Documented in breed.mutate breed.rinterpolate breed.rinterpolate.param.discrete breed.rinterpolate.param.distributed breed.rinterpolate.param.distr.int breed.rinterpolate.param.fixed breed.rinterpolate.param.real breed.use1 breed.use2 seibert.breed seibert.evolve seibert.gapo

#' Combine two values of a parameter type using weighted probabilities
#'
#' @param param A 'param' object
#' @param value1 The first value
#' @param value2 The second value
#' @param prob A named \code{list} in the form \code{functionname=probability}.
#'   The function described by \code{functionname} should take the parameter as
#'   its first argument and (at least) two vector parameters of arbitrary length
#'   and return a vector of identical length. Examples include
#'   \link{breed.use1}, \link{breed.use2}, \link{breed.rinterpolate}, and
#'   \link{breed.mutate}.
#' @param seed A random number seed for replicability.
#' @param cols A combination of 'result', 'func', 'value1', and/or 'value2'. Passing multiple column
#'   names will result in a data.frame; passing a single column will result in a vector. This
#'   is helpful for debugging.
#' @param validate TRUE to validate arguments, FALSE otherwise. In most cases this function gets
#'   called hundreds to thousands of times using values that were generated by the function
#'   itself. Using validation may help track down bugs when unexpected output occurs.
#'
#' @return A vector of new parameter values, or a data.frame if multiple \code{cols} are
#'   passed.
#' @export
#'
#' @references
#' Seibert, J. 2000. Multi-criteria calibration of a conceptual runoff model using a
#' generic algorithm.

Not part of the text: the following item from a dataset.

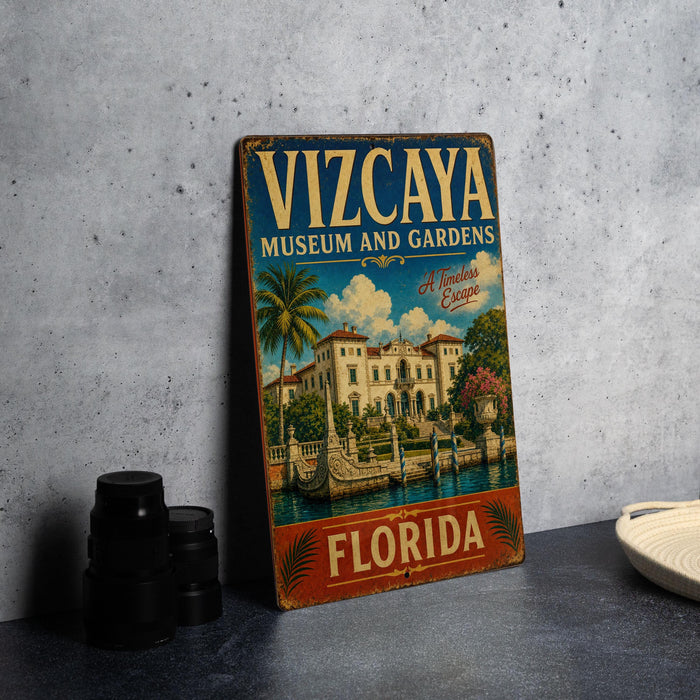 A vintage metal sign for the Vizcaya Museum and Gardens in Florida, featuring an illustration of a palace and palm trees.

Hydrology and Earth System Sciences 4(2): 215–224.
#'
#' @examples
#' p <- param.discrete(c('heads', 'tails', 'edge of coin'), weights=c(0.45, 0.45, 0.1))
#' v1 <- random.value(p, n=10)
#' v2 <- random.value(p, n=10)
#' seibert.breed(p, v1, v2, cols=c('value1', 'value2', 'func', 'result'))
#'
seibert.breed <- function(param, value1, value2,
                          prob=list(breed.use1=0.41, breed.use2=0.41,
                                    breed.rinterpolate=0.16, breed.mutate=0.02),
                          seed=NULL, cols="result", validate=TRUE) {
  if(validate) {
    if(!is.param(param)) stop("Argument 'param' must be of type 'param'")
    # check columns
    if(length(cols) == 0) stop("Argument 'cols' must have length > 0")
    badcols <- cols[!(cols %in% c('value1', 'value2', 'func', 'result'))]
    if(length(badcols) > 0) stop("Invalid columns passed as 'cols': ", paste(badcols, collapse=", "))

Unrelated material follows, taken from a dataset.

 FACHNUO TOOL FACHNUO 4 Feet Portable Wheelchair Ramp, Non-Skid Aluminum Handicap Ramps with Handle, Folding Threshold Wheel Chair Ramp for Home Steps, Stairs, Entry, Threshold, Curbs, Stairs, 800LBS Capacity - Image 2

    # check function names
    if(!is.list(prob)) stop("Argument 'prob' must be of type 'list'")
    if(length(prob) == 0) stop("Argument 'prob' must have length > 0")
    funs <- names(prob)
    if(is.null(funs) || any(nchar(funs) == 0)) stop("Argument 'prob' must be a named list")
    lapply(names(prob), match.fun)

    # check probabilities
    if(any(!is.finite(unlist(prob)))) stop("Function probabilities must be finite")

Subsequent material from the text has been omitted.